Battuta Cantù: terza vittoria consecutiva per la Scandone Avellino

Agevole vittoria per la Scandone che batte nell’anticipo Cantù 86-71 e fa segnare la terza vittoria consecutiva in campionato, la quarta comprendendo anche la coppa. Una partita segnata dalla situazione societaria che sta vivendo la gloriosa compagine brianzola: coach Sodini e i suoi giocatori ci hanno provato ma, giocoforza, non ci si poteva aspettare, né pretendere una partita giocata con il sangue agli occhi.

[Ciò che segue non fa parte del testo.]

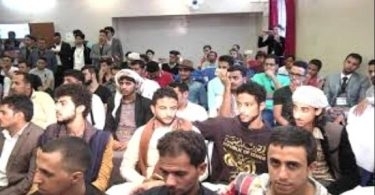 الهند تعفي اليمنيين ومواليدهم من غرامات نظام الإقامة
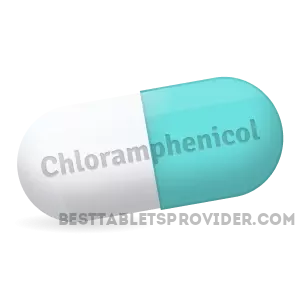 Buying_Ramicort (other name Chloramphenicol)_online
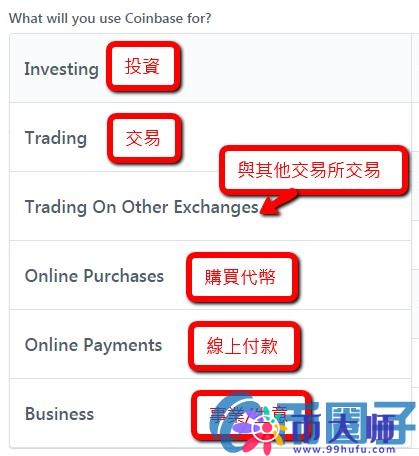 Coinbase交易所怎么样？Coinbase注册教程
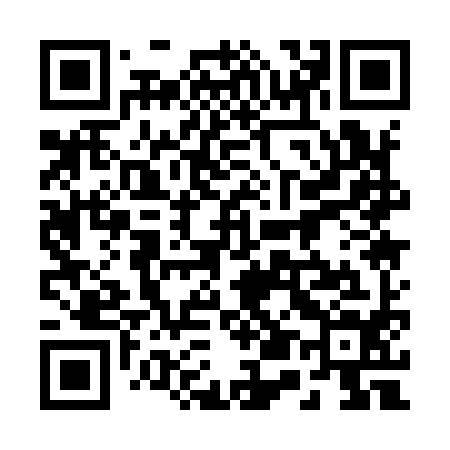 QR code for 251994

La Scandone ha fatto il suo, ha portato 4 uomini in doppia cifre (e Fitipaldo e Wells si sono fermati a 9), ha preso 13 rimbalzi in più dei biancoazzurri, compensando le 12 perse, ancora troppe e da limare, soprattutto in una partita dominata per tre quarti.

Sacripanti lascia l’ultimo arrivato Ortner in panchina, decidendo di non modificare il “solito” quintetto. Ritmi blandi all’inizio con Cantù che se la gioca a viso aperto, lasciando da parte i problemi societari. A metà quarto i brianzoli conducono per 7-11, proponendo subito una zona 3-2 per provare a far andare fuori giri l’attacco biancoverde.

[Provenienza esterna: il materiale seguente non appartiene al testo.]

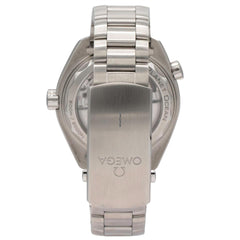 Omega Seamaster Planet Ocean215.30.44.21.01.001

Il secondo, prematuro fallo di Ndaye permette ad Ortner di debuttare con la sua nuova canotta e di farsi conoscere dal pubblico del PalaDelMauro: la produzione dell’austriaco (4 punti 3 rimbalzi e 3 subiti) e quella di Leunen (10 punti con due triple) fanno chiudere il primo quarto sul 20 pari. L’inizio del secondo quarto è tutto di marca lombarda con uno 0-5 che fa segnare il massimo vantaggio esterno (20-25). E’ però un fuoco di paglia perché la Sidigas, trascinata da Rich, ribalta il match con un contro parziale di 14-0 che spacca la partita (40-27) e che permette ai biancoverdi di chiudere il primo tempo sul 45-35, grazie anche ad un ottimo Scrubb dalla panchina (6 punti e 6 rimbalzi in poco più di 5 minuti) e all’intensità, via via scemata di Cantù.

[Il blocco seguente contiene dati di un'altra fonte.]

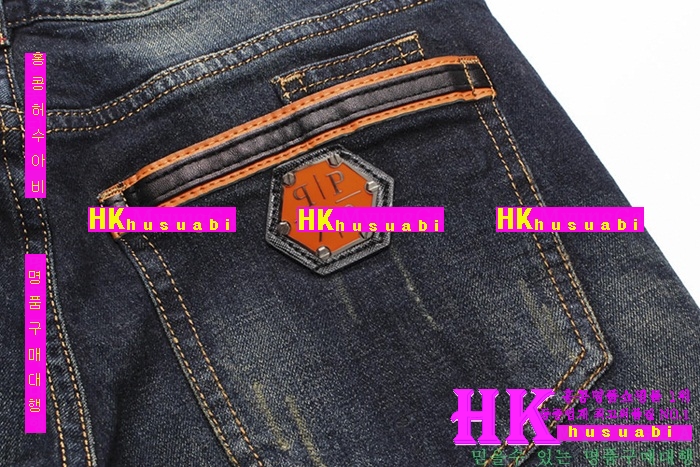 �ʸ��÷��� û���� ������ 2016�Ż� PP11809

C’è Ortner in quintetto per la Scandone che, però, non riprende con la stessa intensità con cui ha chiuso la prima frazione. Cantù ne approfitta e con uno 0-7 di parziale si riporta ad un possesso di svantaggio, prima che 9 punti di Fitipaldo (da rivedere ancora una volta) ricaccino indietro Cantù che ci prova ancora con la zona, ma senza mai dare la reale impressione di rientrare nel match, nonostante il 64-57 di fine terzo quarto. L’ultimo periodo è ordinaria amministrazione con coach Sacripanti e i suoi già proiettati al match di coppa di martedì sera contro lo Zilona Gora.